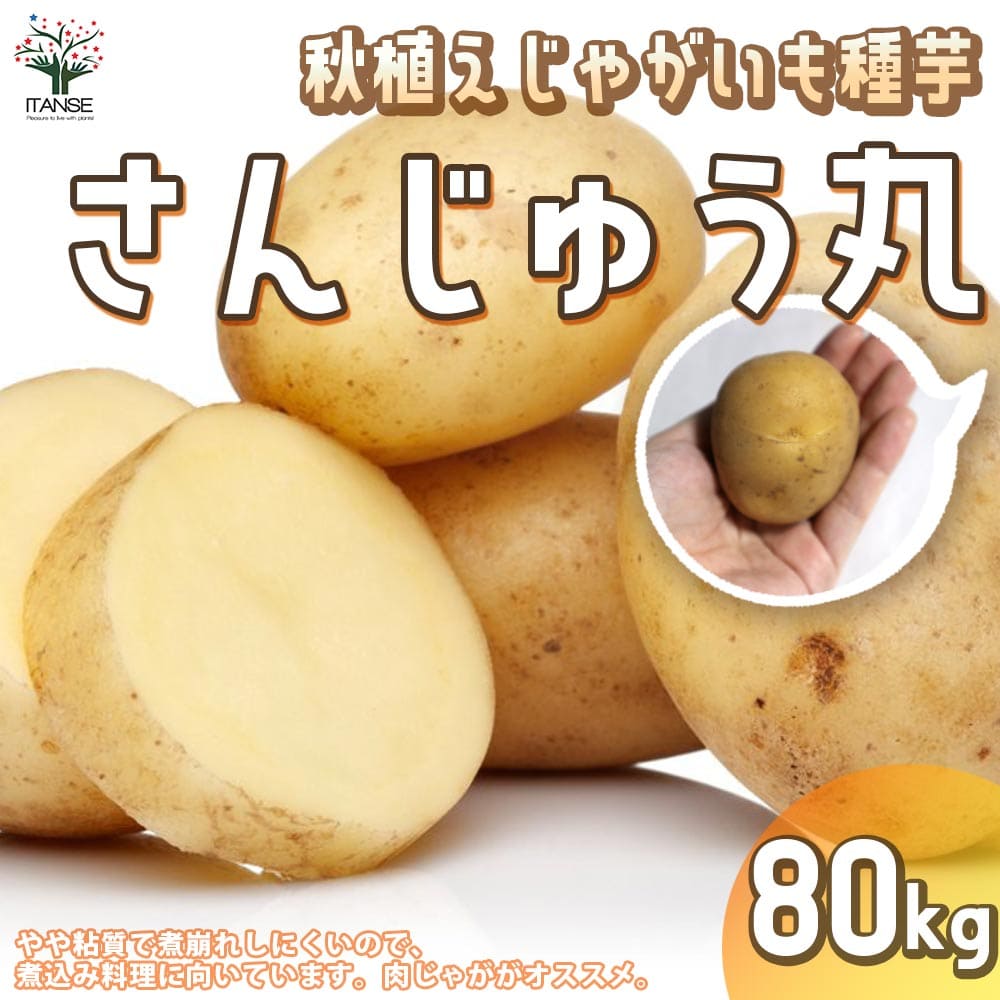 【送料無料】秋植えじゃがいもの種芋 品種：さんじゅう丸 80kg(充填時)【野菜の苗 ／1個売り】じゃがいも ジャガイモ じゃが芋 種芋 種いも PVP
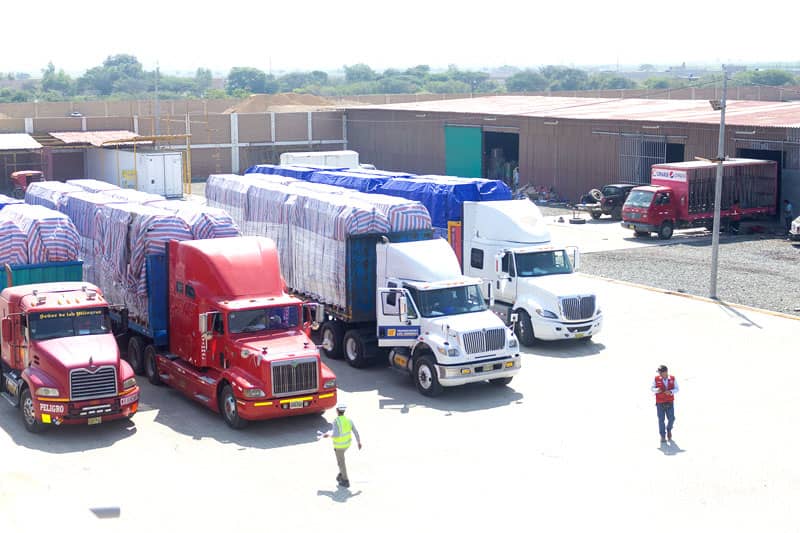 img-msc-casas-05-min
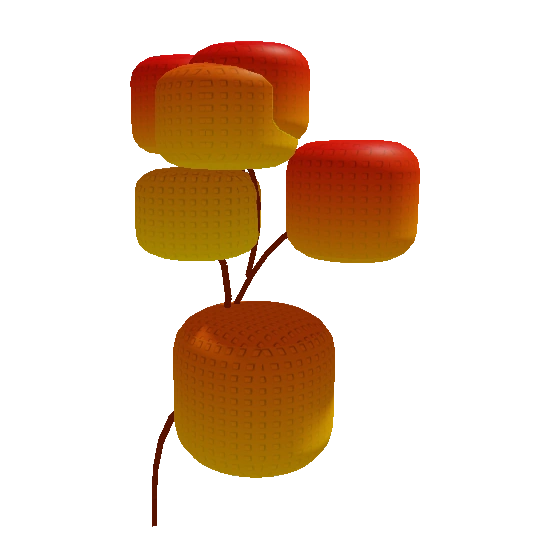 Maple Mango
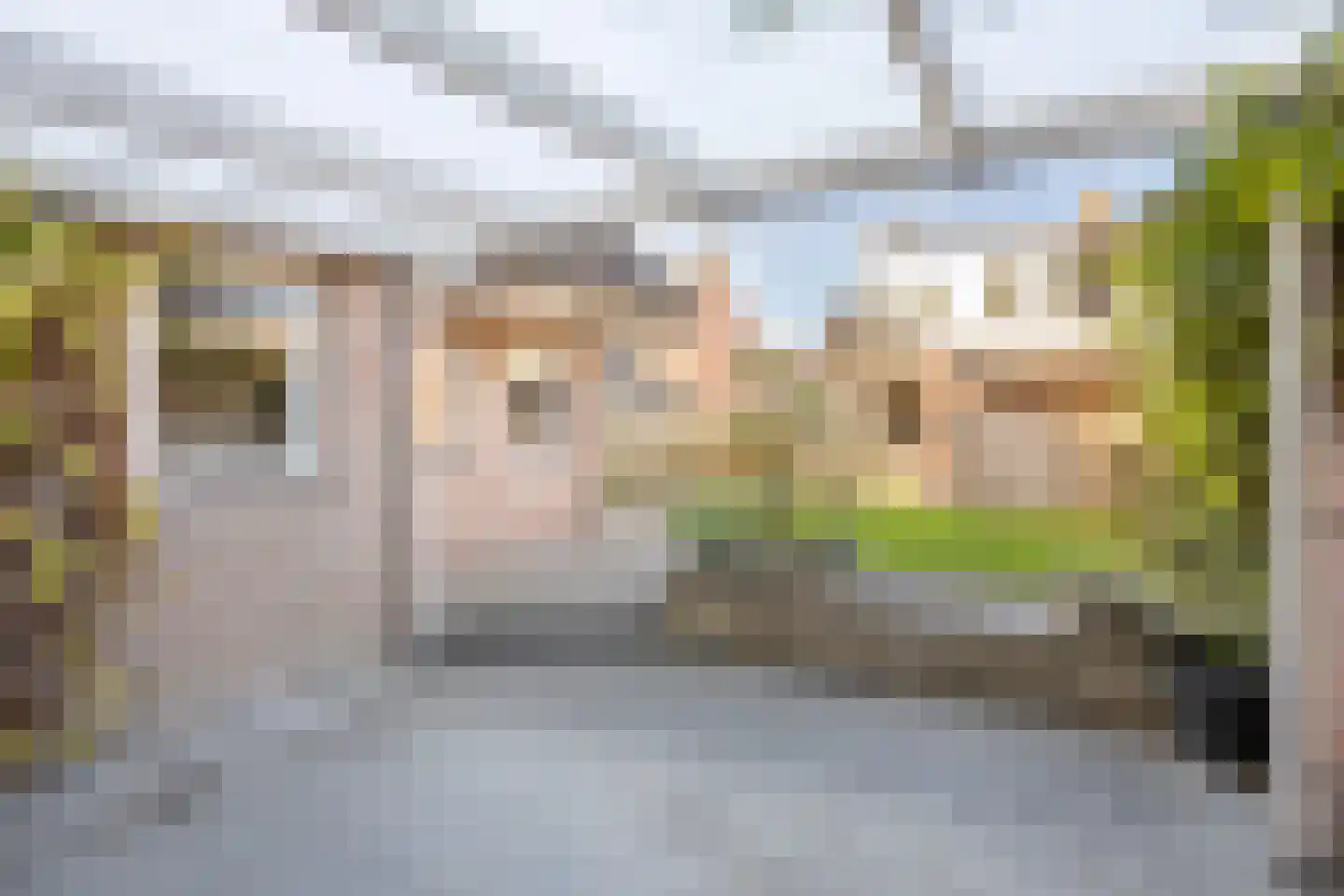 Beatrixstraat 11 Schaijk thumbnail 32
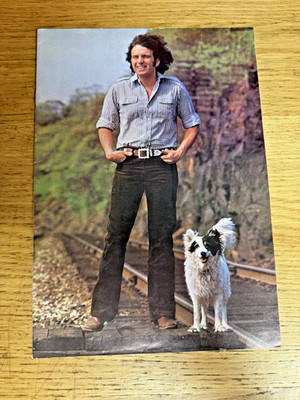 Don McLean American Pie British and Irish Concert Tour  Souvenir Brochure - 1975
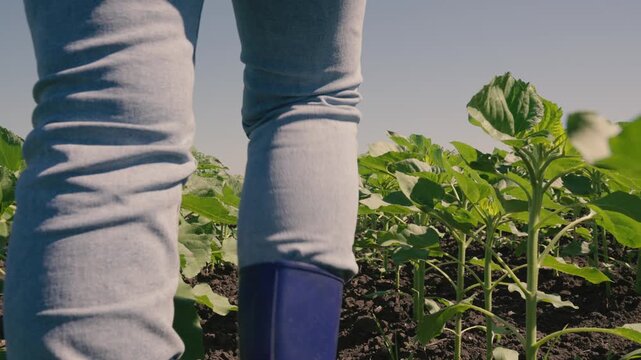 farmer touches green leaf sunflower, farmer walks rubber boots along rows crops farm, agriculture, agriculture business, natural beautiful, leaf, grow, green field sprouts concept, agriculture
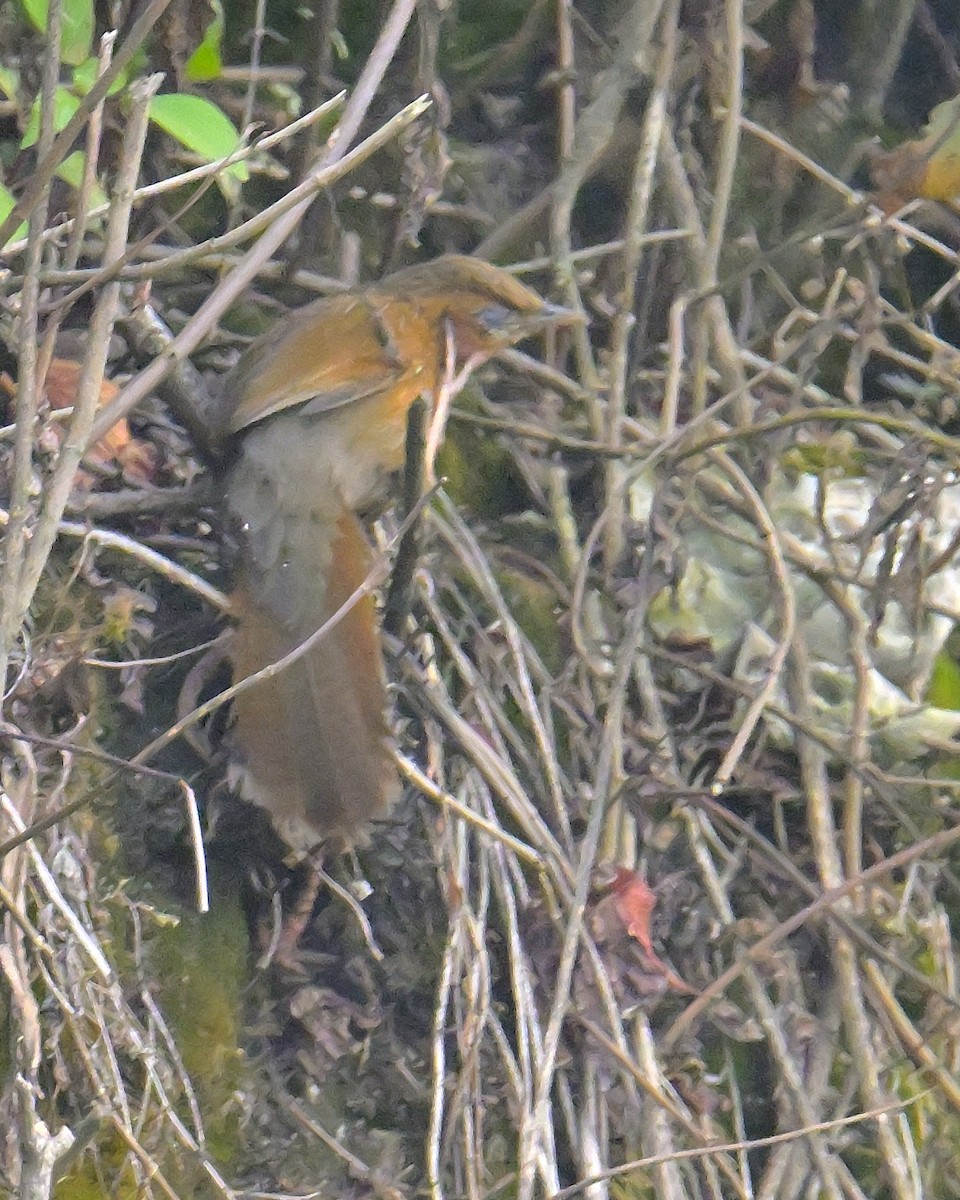 Streaked Laughingthrush - ML620259333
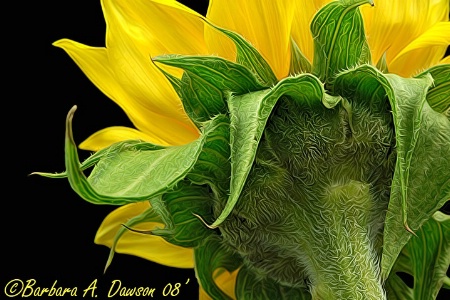 Detail of a Sunflower - second place win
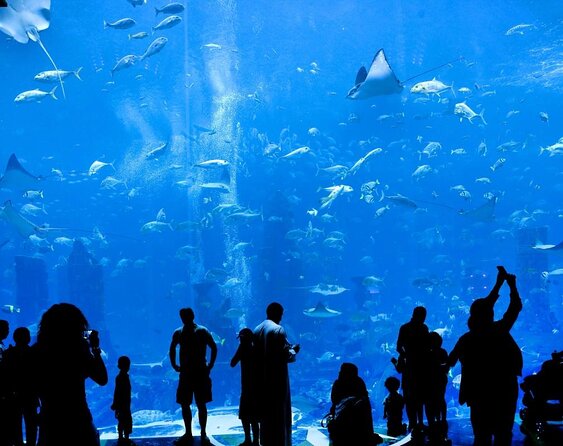 Fish Tales Lost Chambers Tour - What the Fish Tales Tour Adds to Lost Chambers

*Exercise:*
The result is an exact copy of the lines from the one holding "Detail of a Sunflower - second place win" through the final line of the data above, both ends included, minus the pictures.

*Exercise solution:*
 Detail of a Sunflower - second place win
 Fish Tales Lost Chambers Tour - What the Fish Tales Tour Adds to Lost Chambers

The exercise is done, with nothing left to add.